Abstract

The article examines the history of the functioning of the stable expression “ruku prilozhit” (“have a finger in the pie”) in the Russian official language and beyond. Speech and socio-cultural sources of this combination are determined, its one-word derivatives are analyzed — “rukoprikladstvo”, “rukoprilozheniye”, “rukoprikladyvaniye” (“handwriting”). It is pointed out that the active spread of kantselyarizm “to make a hand” coincides with the active development in the 15–16th centuries of Russian “everyday law”, a close connection between the official speech of the pre-Petrine time and the spoken language.
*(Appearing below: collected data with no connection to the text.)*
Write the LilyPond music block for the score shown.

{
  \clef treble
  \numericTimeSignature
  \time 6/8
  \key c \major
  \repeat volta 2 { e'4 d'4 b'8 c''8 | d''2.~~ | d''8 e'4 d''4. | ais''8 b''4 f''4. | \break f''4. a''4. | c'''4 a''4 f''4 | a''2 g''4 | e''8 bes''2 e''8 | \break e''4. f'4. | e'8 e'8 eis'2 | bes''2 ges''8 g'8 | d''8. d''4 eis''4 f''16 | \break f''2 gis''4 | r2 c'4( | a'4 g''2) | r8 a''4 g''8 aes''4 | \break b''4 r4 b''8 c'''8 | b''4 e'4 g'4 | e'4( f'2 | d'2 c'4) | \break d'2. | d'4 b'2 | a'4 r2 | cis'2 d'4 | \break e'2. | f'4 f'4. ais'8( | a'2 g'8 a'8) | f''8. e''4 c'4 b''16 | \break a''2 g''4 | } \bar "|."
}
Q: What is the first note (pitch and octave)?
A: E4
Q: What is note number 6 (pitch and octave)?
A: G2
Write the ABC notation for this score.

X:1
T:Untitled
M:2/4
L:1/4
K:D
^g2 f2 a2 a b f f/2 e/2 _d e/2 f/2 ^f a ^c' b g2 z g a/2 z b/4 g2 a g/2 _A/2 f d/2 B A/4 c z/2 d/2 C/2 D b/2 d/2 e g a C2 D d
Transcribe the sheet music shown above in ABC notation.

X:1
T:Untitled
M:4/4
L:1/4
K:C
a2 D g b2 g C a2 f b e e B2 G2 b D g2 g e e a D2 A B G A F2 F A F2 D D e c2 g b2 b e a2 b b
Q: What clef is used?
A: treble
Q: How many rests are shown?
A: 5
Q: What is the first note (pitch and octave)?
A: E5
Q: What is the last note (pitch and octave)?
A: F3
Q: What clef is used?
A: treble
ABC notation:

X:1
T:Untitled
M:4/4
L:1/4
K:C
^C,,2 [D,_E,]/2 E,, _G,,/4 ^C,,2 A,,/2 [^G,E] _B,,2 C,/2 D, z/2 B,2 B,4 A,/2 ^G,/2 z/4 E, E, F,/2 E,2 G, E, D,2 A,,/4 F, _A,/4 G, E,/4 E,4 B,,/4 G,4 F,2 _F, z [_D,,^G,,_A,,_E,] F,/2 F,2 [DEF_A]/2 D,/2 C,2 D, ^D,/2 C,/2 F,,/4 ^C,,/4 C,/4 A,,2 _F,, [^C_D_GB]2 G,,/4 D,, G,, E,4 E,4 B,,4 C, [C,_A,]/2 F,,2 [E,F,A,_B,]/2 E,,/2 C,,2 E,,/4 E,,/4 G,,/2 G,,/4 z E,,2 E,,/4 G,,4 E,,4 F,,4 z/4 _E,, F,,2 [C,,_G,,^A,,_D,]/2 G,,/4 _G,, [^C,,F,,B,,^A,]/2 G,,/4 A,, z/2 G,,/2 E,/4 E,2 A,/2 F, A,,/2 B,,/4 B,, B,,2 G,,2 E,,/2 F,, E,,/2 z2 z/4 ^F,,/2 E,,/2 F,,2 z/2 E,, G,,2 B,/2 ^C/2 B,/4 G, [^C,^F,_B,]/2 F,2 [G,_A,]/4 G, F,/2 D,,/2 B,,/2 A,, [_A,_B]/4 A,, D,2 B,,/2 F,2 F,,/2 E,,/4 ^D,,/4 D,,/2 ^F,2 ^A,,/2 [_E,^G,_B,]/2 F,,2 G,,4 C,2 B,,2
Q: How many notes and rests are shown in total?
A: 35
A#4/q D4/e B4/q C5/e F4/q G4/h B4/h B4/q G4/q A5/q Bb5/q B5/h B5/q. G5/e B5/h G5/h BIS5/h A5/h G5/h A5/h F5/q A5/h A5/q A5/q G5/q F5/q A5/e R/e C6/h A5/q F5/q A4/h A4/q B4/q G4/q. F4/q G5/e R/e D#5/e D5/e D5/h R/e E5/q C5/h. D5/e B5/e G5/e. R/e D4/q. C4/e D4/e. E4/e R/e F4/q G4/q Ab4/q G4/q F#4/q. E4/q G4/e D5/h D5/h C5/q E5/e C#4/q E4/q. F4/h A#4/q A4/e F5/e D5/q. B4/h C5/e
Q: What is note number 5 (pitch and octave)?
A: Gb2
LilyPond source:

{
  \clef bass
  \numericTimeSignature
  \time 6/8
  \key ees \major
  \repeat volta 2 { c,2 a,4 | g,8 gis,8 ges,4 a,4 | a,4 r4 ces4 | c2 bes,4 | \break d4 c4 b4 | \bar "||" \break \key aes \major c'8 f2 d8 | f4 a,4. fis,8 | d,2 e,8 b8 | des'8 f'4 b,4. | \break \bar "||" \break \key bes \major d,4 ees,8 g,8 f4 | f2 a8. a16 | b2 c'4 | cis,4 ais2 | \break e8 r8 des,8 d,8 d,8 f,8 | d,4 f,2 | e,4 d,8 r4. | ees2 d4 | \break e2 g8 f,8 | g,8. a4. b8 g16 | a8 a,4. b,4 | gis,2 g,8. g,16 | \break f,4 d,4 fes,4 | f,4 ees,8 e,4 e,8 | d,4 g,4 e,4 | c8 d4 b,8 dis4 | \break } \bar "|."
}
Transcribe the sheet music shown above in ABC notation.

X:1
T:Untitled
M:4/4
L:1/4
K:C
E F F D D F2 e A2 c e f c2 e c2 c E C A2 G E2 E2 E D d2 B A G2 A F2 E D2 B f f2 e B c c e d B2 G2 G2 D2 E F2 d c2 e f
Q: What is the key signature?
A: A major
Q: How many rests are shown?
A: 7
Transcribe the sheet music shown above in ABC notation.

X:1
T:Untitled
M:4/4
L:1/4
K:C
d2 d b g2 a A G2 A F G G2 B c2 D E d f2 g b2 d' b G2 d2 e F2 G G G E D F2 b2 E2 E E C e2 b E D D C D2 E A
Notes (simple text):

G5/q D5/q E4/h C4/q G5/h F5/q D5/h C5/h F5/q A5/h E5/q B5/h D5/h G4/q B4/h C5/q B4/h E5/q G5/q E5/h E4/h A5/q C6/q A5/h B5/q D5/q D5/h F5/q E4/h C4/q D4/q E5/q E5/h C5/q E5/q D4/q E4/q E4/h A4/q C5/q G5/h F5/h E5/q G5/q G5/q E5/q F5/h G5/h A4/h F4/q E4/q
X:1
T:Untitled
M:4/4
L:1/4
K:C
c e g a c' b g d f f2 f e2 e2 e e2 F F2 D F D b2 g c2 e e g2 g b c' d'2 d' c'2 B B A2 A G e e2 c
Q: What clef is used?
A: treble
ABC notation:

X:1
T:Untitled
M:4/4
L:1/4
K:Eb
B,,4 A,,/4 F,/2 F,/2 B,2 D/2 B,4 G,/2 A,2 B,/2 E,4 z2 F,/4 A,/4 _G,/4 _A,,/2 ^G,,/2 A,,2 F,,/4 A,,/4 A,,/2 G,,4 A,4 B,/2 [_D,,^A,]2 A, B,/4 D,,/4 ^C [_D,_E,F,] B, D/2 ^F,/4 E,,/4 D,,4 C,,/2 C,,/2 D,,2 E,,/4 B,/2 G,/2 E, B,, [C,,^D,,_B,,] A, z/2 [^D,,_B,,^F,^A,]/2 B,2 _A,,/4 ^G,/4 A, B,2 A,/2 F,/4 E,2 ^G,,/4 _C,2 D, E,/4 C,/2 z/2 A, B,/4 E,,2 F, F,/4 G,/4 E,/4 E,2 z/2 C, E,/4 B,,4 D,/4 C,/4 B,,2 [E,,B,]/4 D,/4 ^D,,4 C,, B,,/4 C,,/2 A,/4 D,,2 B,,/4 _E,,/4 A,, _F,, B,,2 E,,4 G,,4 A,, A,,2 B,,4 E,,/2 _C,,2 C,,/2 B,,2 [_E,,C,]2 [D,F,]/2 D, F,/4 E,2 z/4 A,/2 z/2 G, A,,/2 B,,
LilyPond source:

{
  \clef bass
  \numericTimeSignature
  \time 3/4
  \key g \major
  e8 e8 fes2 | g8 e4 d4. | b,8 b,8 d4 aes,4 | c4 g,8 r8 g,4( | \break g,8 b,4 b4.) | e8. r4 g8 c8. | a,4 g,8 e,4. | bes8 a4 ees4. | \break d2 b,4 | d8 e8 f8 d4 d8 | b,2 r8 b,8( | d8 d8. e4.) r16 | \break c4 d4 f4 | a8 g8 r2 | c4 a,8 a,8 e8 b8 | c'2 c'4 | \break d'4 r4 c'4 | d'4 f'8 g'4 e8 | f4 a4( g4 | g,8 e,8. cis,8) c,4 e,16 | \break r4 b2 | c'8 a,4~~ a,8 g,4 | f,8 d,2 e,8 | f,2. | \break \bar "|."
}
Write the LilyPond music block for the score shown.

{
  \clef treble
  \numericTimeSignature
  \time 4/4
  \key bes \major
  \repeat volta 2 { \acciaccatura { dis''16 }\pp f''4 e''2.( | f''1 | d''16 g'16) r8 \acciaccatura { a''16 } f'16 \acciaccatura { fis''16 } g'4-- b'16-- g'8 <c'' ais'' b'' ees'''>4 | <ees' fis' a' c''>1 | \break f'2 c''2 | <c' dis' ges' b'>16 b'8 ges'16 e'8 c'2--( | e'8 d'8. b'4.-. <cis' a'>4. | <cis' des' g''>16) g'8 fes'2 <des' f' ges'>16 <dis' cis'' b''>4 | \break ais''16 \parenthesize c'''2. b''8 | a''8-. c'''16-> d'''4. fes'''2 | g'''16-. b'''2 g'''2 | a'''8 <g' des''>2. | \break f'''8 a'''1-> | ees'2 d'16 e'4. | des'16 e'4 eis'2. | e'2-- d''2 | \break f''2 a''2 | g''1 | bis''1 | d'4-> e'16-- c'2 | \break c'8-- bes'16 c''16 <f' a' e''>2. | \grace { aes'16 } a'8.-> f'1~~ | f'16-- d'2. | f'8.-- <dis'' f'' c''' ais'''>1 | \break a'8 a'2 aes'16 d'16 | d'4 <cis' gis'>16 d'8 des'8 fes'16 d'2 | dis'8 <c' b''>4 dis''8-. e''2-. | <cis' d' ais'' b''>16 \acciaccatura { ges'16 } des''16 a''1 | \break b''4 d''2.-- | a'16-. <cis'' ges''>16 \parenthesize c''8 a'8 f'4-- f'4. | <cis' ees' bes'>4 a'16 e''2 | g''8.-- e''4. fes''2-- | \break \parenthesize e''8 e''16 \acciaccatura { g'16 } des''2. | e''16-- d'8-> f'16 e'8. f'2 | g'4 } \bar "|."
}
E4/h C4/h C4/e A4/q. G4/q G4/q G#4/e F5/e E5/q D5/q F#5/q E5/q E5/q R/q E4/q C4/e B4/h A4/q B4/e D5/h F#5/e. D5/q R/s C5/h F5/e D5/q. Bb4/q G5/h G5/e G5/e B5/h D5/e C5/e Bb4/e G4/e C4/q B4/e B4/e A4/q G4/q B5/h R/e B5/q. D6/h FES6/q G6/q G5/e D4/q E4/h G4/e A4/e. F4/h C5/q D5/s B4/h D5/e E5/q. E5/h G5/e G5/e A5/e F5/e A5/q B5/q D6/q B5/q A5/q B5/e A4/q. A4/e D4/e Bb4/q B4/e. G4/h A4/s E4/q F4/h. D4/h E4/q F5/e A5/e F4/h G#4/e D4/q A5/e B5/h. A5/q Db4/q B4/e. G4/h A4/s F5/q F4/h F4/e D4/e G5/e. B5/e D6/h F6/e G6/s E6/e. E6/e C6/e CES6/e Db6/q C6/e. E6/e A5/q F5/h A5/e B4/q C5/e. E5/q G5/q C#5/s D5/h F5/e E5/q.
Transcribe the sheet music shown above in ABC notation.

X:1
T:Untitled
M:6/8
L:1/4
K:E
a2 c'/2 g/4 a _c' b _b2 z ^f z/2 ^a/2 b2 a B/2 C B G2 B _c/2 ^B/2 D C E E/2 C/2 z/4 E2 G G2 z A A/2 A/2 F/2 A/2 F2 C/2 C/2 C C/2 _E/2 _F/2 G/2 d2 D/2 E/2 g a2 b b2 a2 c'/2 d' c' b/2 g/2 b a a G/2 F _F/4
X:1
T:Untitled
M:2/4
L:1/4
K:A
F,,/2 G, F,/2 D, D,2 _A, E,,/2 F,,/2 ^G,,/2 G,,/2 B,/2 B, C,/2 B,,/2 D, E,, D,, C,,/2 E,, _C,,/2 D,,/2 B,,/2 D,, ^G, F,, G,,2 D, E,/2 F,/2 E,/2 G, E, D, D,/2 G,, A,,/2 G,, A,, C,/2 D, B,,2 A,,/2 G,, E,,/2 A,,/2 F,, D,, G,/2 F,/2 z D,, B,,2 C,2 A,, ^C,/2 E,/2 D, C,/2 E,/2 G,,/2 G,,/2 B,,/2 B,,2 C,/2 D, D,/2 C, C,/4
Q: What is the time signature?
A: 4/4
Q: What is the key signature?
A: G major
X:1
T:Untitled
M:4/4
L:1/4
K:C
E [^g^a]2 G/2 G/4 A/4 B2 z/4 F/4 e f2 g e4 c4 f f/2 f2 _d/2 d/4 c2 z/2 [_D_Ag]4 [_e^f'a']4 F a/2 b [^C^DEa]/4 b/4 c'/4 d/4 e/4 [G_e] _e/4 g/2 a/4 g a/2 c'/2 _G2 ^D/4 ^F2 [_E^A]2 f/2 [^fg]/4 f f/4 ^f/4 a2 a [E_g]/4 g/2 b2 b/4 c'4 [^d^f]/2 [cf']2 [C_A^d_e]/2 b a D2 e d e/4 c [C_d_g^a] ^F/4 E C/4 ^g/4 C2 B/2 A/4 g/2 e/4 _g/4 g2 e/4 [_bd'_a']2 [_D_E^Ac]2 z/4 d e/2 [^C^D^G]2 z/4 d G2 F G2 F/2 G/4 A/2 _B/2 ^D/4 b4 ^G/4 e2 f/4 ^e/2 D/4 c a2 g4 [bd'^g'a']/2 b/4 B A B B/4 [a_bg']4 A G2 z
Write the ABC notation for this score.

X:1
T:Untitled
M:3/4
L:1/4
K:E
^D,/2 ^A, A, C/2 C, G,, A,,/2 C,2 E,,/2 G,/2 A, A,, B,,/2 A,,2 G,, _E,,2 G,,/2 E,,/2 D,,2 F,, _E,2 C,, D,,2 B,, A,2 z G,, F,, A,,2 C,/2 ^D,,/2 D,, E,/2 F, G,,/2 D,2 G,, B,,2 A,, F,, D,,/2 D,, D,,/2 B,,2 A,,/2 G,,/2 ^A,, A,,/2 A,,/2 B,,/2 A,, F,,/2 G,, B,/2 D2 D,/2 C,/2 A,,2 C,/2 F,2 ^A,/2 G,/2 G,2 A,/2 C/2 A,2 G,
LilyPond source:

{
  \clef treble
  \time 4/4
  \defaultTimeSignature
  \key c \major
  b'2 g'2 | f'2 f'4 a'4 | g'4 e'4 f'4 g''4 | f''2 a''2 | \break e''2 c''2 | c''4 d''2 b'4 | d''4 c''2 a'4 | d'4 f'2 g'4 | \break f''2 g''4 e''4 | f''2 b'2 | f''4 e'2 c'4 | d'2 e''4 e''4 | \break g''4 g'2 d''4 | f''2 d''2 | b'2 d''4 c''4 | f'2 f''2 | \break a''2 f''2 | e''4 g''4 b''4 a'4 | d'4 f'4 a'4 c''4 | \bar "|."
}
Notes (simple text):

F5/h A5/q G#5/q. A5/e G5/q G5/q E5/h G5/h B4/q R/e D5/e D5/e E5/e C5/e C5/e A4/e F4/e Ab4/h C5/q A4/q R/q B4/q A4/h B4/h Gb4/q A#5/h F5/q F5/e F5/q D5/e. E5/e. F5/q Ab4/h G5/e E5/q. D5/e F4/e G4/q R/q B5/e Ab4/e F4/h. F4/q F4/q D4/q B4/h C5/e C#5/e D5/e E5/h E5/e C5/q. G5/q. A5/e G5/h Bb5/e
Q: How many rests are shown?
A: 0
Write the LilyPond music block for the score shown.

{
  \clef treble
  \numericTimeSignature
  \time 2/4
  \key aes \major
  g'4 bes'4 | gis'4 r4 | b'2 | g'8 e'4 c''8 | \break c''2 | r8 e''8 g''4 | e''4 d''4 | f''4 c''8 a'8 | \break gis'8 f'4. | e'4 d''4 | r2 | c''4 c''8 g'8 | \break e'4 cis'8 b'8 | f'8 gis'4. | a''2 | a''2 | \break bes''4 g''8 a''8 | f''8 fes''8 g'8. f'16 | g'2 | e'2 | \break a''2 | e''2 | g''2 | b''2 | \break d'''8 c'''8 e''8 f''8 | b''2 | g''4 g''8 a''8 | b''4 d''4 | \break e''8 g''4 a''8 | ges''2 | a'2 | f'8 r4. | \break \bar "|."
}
There is a gradual departure of this kantselyarizm from the official sphere, the development of figurative meanings in the texts of fiction, the source of which can be the lexico-semantic variants of the polysemantic words that make up this expression (“attach”; “hand”). The cases of playful use of the combination “ruku prilozhit” are considered, motivated by generating phrases that are not native for this expression, as a result of which new meanings are formed (‘shake hands’, ‘kiss hands’). The evolution of the functioning of the business combination “ruku prilozhit’” is closely connected with the development of the official sphere as a whole, with the development of the document as a special text reflecting the “ideology” of public administration. On the example of the history of one bureaucracy, the influence of the written language of power on the logic and principles of the development of the Russian official language is demonstrated, which intensifies with each subsequent century.